• _Task item_
Each line below that holds the word "Building" counts once; state the total number of such lines and nothing else.

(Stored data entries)
>>
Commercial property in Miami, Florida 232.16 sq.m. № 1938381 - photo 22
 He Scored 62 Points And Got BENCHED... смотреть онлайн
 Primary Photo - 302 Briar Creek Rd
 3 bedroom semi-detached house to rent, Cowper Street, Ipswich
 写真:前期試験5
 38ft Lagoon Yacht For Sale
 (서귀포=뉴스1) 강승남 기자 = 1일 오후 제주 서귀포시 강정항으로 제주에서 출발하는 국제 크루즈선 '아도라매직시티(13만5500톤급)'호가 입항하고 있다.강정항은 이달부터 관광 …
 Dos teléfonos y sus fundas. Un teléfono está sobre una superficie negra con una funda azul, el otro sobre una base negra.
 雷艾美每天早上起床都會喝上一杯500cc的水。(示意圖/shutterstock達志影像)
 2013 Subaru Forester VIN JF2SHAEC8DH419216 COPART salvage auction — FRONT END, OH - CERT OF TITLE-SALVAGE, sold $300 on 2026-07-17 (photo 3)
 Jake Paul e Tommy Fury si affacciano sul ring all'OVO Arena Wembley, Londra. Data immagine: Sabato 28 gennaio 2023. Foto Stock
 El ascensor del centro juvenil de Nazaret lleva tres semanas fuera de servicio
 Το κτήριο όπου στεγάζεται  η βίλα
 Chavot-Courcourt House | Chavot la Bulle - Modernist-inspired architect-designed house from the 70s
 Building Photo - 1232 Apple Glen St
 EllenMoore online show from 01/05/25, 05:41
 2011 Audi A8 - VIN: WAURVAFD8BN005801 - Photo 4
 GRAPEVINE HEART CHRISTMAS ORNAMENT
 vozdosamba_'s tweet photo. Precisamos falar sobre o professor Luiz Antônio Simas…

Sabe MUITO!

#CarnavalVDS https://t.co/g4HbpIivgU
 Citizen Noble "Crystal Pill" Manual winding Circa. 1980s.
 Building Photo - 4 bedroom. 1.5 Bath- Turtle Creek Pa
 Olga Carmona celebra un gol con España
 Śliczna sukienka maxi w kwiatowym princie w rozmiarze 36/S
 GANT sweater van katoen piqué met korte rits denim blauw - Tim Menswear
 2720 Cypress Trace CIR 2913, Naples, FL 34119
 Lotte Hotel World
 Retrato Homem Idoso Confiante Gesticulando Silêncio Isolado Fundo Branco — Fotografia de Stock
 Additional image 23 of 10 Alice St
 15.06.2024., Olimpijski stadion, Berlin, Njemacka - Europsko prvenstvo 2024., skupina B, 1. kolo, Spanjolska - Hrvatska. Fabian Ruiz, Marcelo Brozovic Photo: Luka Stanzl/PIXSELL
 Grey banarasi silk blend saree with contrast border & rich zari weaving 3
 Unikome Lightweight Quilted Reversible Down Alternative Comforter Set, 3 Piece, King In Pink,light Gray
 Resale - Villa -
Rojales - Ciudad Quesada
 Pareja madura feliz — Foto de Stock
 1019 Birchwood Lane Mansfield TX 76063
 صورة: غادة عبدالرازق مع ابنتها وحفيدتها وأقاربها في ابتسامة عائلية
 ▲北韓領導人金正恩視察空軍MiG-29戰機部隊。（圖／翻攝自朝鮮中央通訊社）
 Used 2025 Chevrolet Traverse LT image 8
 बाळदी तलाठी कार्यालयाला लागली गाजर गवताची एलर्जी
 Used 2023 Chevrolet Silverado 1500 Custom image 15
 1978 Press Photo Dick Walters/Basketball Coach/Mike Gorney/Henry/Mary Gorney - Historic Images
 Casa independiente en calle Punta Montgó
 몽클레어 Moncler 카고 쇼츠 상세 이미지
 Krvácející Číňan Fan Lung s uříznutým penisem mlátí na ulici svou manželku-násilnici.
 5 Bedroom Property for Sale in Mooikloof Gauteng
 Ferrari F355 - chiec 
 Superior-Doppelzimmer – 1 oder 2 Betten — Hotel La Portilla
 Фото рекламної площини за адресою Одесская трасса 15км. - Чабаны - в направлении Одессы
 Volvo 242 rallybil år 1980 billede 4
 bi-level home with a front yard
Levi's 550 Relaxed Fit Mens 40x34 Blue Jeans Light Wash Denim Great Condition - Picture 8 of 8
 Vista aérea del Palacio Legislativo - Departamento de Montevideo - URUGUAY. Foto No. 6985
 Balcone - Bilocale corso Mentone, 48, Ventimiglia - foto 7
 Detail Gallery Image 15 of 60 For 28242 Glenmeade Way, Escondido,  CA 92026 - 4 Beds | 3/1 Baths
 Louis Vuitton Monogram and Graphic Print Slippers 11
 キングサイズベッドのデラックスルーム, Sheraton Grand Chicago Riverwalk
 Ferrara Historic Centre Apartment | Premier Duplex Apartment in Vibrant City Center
<<
• _Output for this exercise_
2